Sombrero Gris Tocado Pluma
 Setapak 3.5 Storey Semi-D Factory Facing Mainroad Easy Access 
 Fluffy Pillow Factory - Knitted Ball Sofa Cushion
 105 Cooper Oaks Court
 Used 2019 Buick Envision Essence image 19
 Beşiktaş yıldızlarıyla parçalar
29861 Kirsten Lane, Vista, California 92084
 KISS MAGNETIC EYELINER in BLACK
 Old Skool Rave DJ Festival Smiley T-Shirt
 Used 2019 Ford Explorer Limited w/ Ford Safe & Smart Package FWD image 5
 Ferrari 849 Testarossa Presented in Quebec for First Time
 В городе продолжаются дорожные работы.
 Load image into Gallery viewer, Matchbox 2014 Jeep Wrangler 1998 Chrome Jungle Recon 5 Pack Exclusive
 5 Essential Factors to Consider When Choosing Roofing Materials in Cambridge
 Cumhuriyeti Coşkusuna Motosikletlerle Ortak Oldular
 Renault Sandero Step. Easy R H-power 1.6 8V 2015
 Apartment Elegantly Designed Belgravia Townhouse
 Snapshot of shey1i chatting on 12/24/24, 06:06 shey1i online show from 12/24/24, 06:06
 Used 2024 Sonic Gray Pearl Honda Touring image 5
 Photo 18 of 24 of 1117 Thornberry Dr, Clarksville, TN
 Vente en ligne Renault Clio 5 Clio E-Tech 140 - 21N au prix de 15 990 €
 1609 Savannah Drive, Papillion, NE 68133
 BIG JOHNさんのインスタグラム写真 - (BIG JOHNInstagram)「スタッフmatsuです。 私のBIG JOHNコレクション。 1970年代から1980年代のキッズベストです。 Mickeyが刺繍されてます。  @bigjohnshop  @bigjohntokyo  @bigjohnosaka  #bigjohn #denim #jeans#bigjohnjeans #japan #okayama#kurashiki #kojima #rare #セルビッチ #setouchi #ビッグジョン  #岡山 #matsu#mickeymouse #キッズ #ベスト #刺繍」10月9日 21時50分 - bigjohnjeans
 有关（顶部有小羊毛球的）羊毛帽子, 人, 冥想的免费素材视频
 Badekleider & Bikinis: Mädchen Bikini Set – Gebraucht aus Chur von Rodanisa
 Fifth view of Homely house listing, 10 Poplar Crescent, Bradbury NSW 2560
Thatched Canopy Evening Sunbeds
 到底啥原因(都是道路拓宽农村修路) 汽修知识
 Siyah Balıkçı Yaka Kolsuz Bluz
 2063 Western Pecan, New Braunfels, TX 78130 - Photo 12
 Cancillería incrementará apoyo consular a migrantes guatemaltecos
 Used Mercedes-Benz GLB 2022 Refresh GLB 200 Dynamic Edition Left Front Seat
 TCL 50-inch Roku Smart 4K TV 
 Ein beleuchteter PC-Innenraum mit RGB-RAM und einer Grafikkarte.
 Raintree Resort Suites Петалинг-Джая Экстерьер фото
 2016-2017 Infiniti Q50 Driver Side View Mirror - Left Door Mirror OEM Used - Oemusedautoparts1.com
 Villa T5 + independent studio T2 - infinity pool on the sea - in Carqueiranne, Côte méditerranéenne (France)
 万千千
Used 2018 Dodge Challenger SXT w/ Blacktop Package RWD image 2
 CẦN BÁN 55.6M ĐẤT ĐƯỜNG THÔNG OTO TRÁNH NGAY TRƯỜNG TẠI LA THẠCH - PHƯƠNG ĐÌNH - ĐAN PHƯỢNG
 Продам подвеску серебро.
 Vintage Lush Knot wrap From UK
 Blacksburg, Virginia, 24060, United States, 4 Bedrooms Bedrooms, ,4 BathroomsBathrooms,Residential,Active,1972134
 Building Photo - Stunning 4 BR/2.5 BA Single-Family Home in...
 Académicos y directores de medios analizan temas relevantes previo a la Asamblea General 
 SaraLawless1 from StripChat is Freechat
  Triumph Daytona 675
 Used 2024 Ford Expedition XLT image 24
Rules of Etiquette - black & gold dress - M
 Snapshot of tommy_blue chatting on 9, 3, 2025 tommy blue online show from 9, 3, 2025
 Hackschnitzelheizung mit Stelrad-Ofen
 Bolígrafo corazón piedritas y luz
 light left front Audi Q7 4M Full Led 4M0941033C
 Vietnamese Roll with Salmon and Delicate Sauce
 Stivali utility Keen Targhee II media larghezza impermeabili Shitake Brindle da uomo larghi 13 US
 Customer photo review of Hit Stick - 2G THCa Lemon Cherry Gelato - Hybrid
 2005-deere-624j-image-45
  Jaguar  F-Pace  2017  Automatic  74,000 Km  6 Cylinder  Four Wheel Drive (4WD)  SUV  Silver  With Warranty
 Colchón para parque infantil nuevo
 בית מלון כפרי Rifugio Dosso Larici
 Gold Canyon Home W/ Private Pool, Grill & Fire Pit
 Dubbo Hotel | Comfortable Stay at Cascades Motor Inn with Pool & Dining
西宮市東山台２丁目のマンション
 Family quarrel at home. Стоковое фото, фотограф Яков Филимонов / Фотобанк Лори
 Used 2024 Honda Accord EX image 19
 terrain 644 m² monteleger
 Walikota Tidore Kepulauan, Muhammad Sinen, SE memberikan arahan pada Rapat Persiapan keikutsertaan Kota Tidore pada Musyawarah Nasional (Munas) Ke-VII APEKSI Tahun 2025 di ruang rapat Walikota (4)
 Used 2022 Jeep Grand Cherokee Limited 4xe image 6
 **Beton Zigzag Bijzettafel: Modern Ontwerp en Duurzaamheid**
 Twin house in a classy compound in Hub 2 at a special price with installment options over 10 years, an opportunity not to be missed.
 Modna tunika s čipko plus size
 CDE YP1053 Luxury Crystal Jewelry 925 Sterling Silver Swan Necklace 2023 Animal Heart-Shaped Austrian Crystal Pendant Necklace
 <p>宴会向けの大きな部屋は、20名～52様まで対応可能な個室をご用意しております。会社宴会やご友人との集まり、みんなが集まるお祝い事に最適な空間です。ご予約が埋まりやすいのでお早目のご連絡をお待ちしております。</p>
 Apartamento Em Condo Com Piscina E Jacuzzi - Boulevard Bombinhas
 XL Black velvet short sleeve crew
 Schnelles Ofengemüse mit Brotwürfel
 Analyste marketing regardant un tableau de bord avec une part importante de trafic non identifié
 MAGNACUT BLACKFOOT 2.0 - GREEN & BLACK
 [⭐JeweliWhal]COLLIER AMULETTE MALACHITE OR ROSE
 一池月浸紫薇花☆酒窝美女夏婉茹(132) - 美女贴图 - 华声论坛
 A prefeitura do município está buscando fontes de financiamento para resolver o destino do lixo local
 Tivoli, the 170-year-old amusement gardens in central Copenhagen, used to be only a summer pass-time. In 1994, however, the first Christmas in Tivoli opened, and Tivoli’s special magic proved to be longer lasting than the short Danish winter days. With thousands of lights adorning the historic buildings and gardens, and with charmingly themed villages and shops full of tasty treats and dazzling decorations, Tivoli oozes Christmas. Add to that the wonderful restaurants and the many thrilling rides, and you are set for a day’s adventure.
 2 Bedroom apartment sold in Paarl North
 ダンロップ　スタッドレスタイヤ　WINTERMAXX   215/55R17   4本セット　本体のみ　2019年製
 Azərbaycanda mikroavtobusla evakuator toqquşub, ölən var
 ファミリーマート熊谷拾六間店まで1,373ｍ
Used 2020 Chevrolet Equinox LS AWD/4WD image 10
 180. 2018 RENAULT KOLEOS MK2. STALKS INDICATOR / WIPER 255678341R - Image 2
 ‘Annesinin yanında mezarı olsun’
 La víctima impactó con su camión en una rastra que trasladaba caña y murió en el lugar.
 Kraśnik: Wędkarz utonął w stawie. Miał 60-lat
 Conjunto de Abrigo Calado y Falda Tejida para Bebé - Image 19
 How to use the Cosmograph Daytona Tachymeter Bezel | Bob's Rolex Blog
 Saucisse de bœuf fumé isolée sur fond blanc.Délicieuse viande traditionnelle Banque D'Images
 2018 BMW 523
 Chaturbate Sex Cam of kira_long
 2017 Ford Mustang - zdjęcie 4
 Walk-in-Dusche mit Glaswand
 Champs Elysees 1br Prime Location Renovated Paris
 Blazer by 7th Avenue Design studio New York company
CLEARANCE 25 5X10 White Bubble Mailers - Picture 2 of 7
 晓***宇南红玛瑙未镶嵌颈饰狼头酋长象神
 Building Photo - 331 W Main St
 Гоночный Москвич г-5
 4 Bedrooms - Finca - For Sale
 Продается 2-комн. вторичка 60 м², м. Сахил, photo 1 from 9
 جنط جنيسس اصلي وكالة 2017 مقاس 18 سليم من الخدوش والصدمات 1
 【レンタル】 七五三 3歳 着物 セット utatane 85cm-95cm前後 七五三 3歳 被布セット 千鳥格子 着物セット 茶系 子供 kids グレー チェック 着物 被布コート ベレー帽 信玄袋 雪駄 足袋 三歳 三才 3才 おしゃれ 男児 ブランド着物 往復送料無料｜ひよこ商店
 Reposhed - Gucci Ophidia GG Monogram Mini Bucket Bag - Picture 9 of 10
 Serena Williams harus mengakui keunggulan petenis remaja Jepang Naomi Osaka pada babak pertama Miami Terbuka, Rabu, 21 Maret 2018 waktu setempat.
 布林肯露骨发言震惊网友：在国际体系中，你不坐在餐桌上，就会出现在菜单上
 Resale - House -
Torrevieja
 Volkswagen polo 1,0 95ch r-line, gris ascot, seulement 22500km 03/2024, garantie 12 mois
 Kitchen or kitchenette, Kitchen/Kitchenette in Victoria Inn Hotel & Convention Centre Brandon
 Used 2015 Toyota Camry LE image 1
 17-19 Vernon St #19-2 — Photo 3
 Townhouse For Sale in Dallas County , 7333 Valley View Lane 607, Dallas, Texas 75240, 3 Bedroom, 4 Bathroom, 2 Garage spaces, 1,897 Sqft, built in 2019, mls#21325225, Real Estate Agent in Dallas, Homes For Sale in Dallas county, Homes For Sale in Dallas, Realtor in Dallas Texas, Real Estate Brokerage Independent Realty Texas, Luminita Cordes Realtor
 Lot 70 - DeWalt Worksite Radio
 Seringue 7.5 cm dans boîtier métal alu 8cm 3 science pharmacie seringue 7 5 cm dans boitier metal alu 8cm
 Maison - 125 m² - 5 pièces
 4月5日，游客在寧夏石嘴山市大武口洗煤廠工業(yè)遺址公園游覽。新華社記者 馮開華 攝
□ □ □ □
* Activity: Starting with the first line of the listing above and ending with the line that holds "Beşiktaş yıldızlarıyla parçalar", return those lines exactly as written, both included.

* Written solution:
Sombrero Gris Tocado Pluma
 Setapak 3.5 Storey Semi-D Factory Facing Mainroad Easy Access 
 Fluffy Pillow Factory - Knitted Ball Sofa Cushion
 105 Cooper Oaks Court
 Used 2019 Buick Envision Essence image 19
 Beşiktaş yıldızlarıyla parçalar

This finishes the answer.